Coggle – Is an online mind map that can be used only with chrome. It comes in 3 versions. These are “free,” “awesome,” and “organization.” Give it a spin and see how you like it. It has a lot of functionality and allows you to create your mind map in different colors. This is an excellent choice for schools that have limited financial resources and can not afford a paid product.
iThoughts – The iThoughts app comes with a simple design and a user-friendly interface. This is a mind mapping app that helps you to organize ideas and visualize concepts. Its user-friendliness makes it easy for students and adults to use, unlike some mind mapping tools that I have used in the past. It is available on Apple products and Windows.
MindMapple – This app works well for visual thinkers as it also enables you to utilize clip art and other visual tools. Another neat feature is that you can cloud share your creations it via Google Drive. As you might have already figured out from the name, it also works for Macs, which is excellent news for Apple enthusiasts.
Bubbl.us – A useful resource for making visually attractive concept maps. You don’t have to download any software to use this product. Also, the maps that you create can be saved as an image, and it allows the user to share their maps and collaborate with other people. Some of the features are a bit dated, but all an all, it’s a useful resource.
Popplet – A useful mind mapping tool that allows students to create and share concept maps.
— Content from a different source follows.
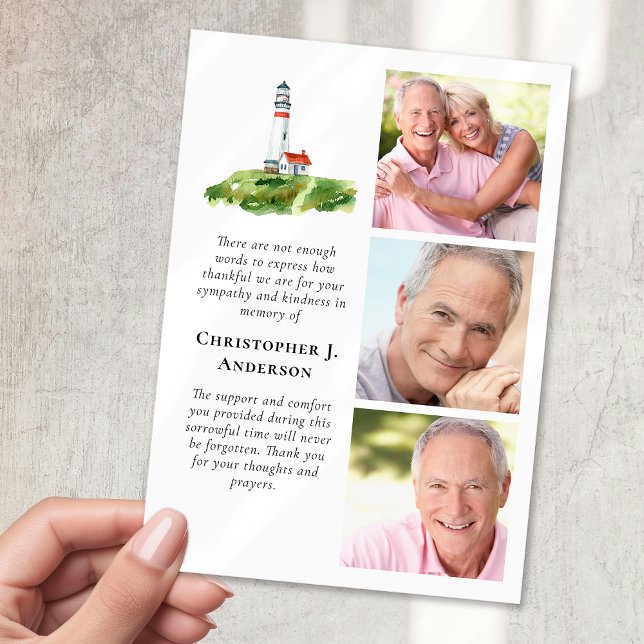 Leuchtturm 3 Foto Beileid Beerdigung Dankeskarte (Von Creator hochgeladen)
It provides a variety of features, including recording notes in various formats with text, drawings, and images; linking notes with each other, exporting your final product as PDF or JPEG; it supports several languages, etc.
Creately – Provides lots of pre-designed templates, supports collaborative work, integrates with third-party tools such as Chrome Store and Google Apps. It also comes with lots of resources that help students to learn how to create, organize, and present their concept maps.
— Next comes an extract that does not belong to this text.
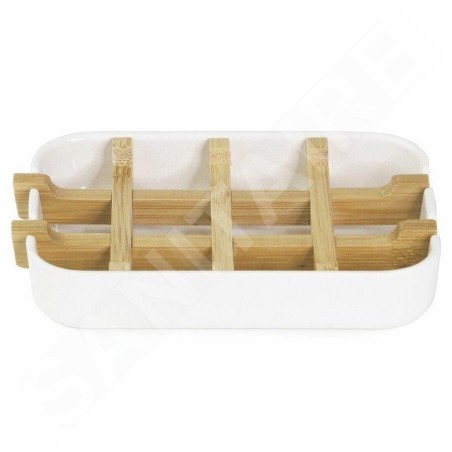 Compactor Organisateurs cosmétiques - Porte-savon, plastique blanc/bambou RAN10267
Lucidchart – You can use this app to create concept maps, charts, and various types of diagrams. It also supports a lot of collaborative features and can be used with multiple devices. It doesn’t have a wealth of features, but if you are looking for a robust mind mapping tool, it’s a good choice.
As you can see, there are a lot of outstanding mind mapping apps, tools, and resources on the market. Don’t get blinded by bells and whistles; choose the one that meets your unique needs, and get to work.